SECTION 6. Counterparts. This Supplemental Indenture may be signed in various counterparts (including by portable document format), which together will constitute one and the same instrument.

SECTION 7. Trust Indenture Act Controls. If any provisions hereof limit, qualify or conflict with any provisions of the Trust Indenture Act of 1939, as amended (the “TIA”), required under the TIA to be a part of or govern this Supplemental Indenture, the provisions of the TIA shall control. If any provision hereof modifies or excludes any provision of the TIA that pursuant to the TIA may be so modified or excluded, the provision of the TIA as so modified or excluded hereby shall apply.

SECTION 8. No Recourse Against Others. No past, present or future director, officer, employee, incorporator or stockholder of the Company or of any Guarantor, as such, shall have any liability for any obligations of the Company or any Guarantor under the Indenture, the Notes or, the Note Guarantees or for any claim based on, in respect of, or by reason of, such obligations or their creation.

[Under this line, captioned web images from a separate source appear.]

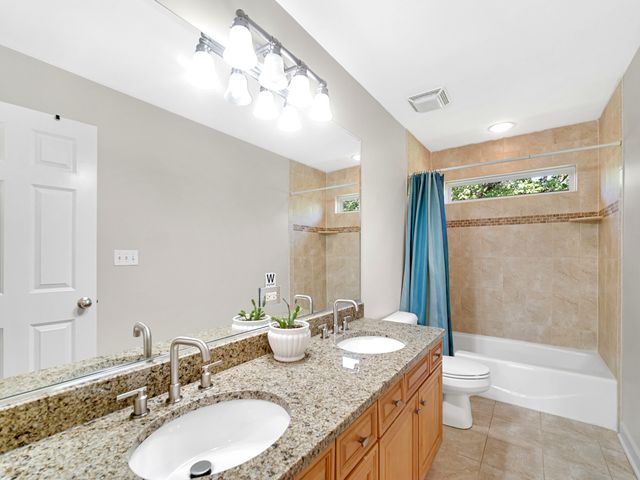 361 S Quentin Road, Palatine, IL 60067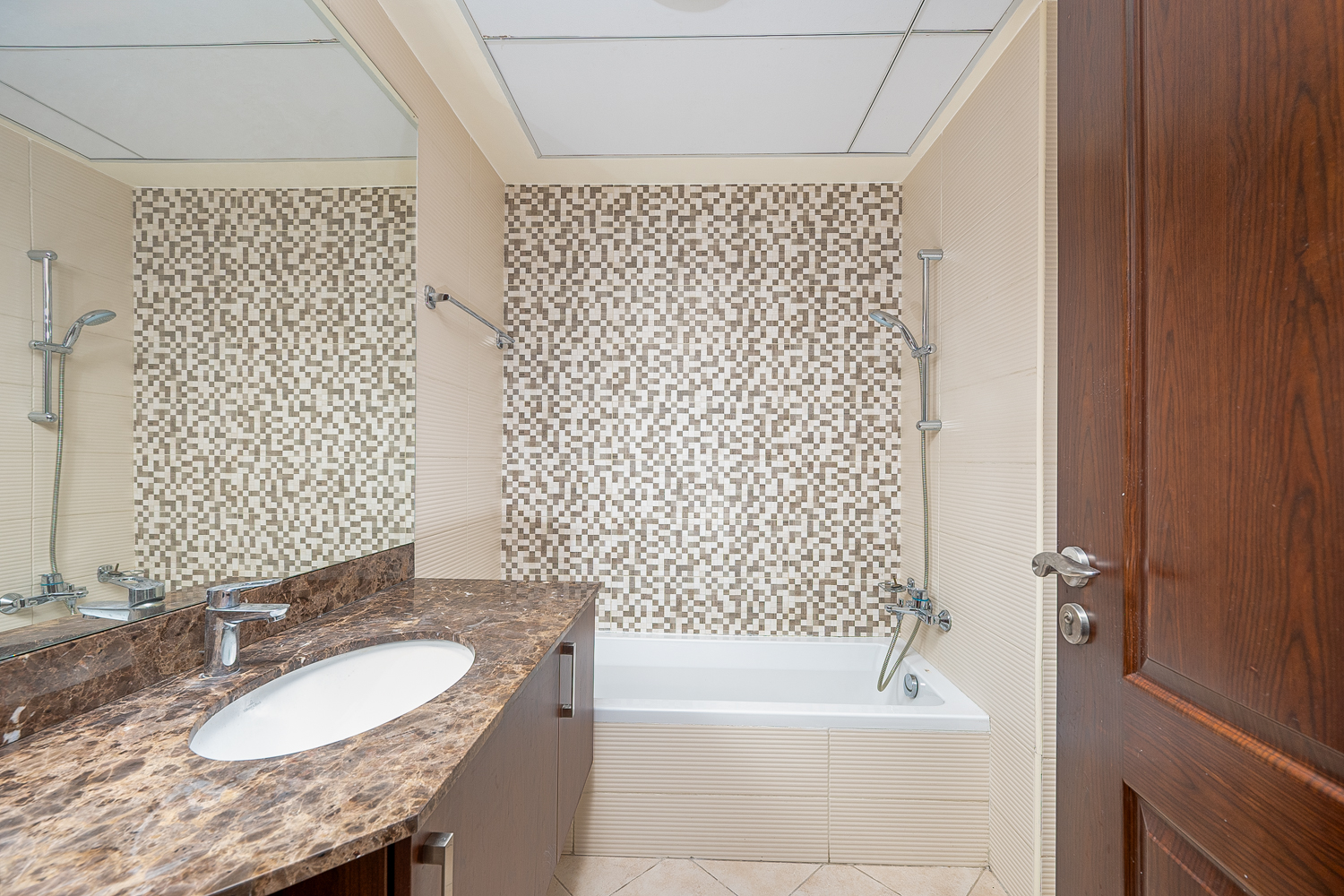 3 Bedrooms Townhouse in Polo Townhouses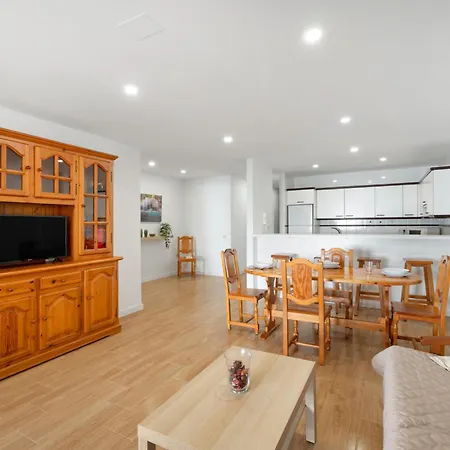 Apto Tomasol Playa ארונה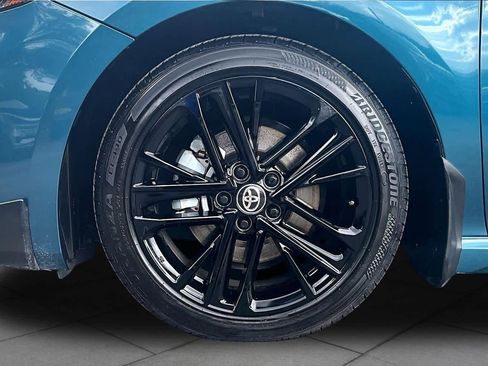 Used 2025 Toyota Camry SE w/ Convenience Package FWD image 11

SECTION 9. Effect of Headings. The Section headings herein are for convenience only and shall not affect the construction hereof.

SECTION 10. The Trustee and Noteholder Collateral Agent. The Trustee and Noteholder Collateral Agent accepts the amendments of the Indenture effected by this Supplemental Indenture. Without limiting the generality of the foregoing, the Trustee and Noteholder Collateral Agent shall not be responsible in any manner whatsoever for or with respect to any of the recitals contained herein, all of which recitals are made solely by the Company, or for or with respect to (i) the validity or sufficiency of this Supplemental Indenture or any of the terms or provisions hereof, (ii) the proper authorization hereof by the Company by action or otherwise, (iii) the due execution hereof by the Company or (iv) the consequences of any amendment herein provided for, and the Trustee and Noteholder Collateral Agent makes no representation with respect to any such matters.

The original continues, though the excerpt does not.